OK, some additional thoughts on the trail. Besides exhaustion, we as a group concerned ourselves with three things. Food, water, and toilets. The food was excellent, as we had two cooks along with us. The water was also mostly available, and safe to drink. But the toilets! You have to realize that we were off the polite grid of society. All dignity and modesty was gone after Day One. And the facilities we had available were beyond nasty. Squat toilets, with nary a maid in sight to clean them. I had never used them before, and after a day of hiking, the last thing your thighs want to do is squat. It seems silly and childish, but as a group, we spent a lot of time discussing toilets. Other topics too, of course. But toilets and bodily functions seemed to hold a high place on our collective topic lists. You need to remember that as we start discussing the remainder of the final day, later in this report.

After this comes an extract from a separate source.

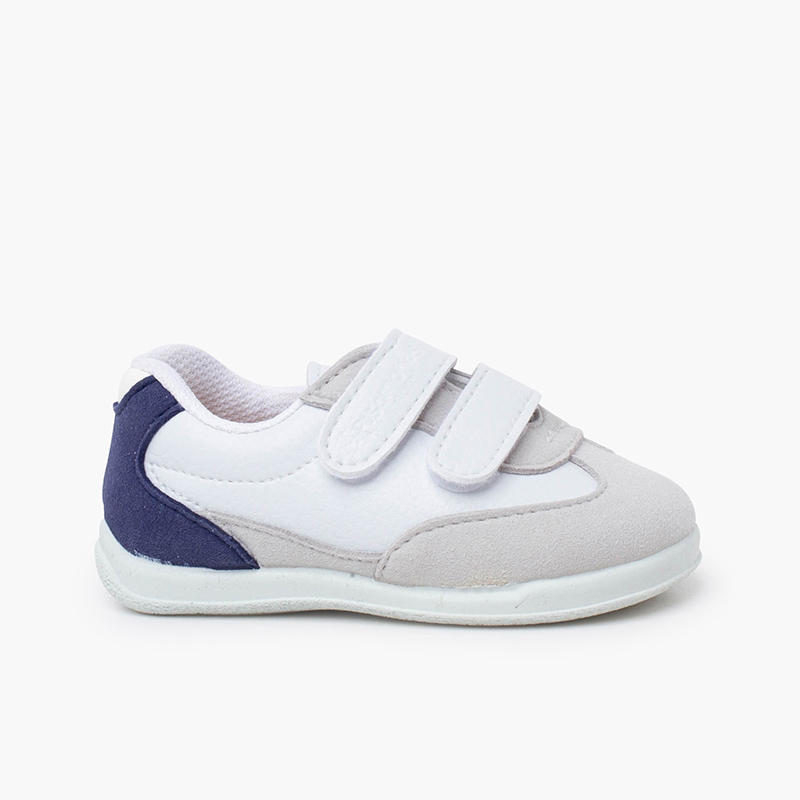 Minimalistische Sportschuhe farbiger Fersenkappe Jeansblau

We also became far closer to each other as the trek progressed. Small talk ceased, and we became as family. Words of encouragement were freely passed, and I felt that the group dynamic was just a constant feedback loop. As individuals, we needed the group, and the group grew stronger as the individuals poured more of themselves into it. I knew everyone’s strengths and weaknesses as well as they knew mine. And we all knew how to support each other and celebrate ourselves. By the time Day Four started, I had 12 new people in my life that I completely trusted and cared for.
So, why didn’t I include this in the “Tale of the Trail”? Because it was a completely, shockingly, different beast. And one I didn’t like. Not at all. As I was walking down from the Sun Gate into the lost city, it was all I could do not to turn around and walk back. But they had a flush toilet, and that was something we were all obsessed with, so down we went. I actually kept my “MP Time” to a minimum, just walking though the crowds, waiting for it to be over.
Why was I so distressed with Machu Picchu? The train people. The place was packed with tourists who smelled washed and anointed with fragrance. People who had on clean clothes, shiny backpacks, and walking poles that were purely for show. And I felt immersed in fakeness. Like I earned something special, only to be shoved into a swarm of folks who took the cheap way to the same goal. These folks would go home and say “I did Machu Picchu”, just like me. But their only hardship was to … well, hell … they didn’t have any hardship. Don’t get me wrong, MP was impressive as all get-out. How they built something like that is beyond me. It was awe inspiring. Yet the smaller ruins I saw along the trail were more precious to me. After four days, essentially alone with your small clan, the mind-jarring re-entry into the crowds was more than I could easily absorb.
But the toilets! Ahhh! Every single one of us was talking about them all the previous night. On the trail, it’s the simple things that take up your thoughts and conversations. Food. Shelter. And shitters. And four days of open-air bowel expulsions and squat toilets left us all dreaming about thrones of porcelain, with seats!, and the power of flushing water. We planned on how we would enjoy the simple pleasure and shared openly our thoughts. And together, we paid our fee to enter the johns, and thus our trek was complete. Four days of hiking in the Andes to the most wonderful of conclusions. 🙂
It’s a Wrap
So, what am I thinking about as I sit here and try to document the trip? Well, that I am 100% glad I did it. On the way up, on Day Two of the hike, I told Monica that this was one of those adventures that was absolutely miserable while it’s happening, but one which we would talk about and remember with joy forever afterward. And that’s already happened. Yes, the trail was hard. The jungle was hot and humid. The cities were crowded. And I loved every single second of it.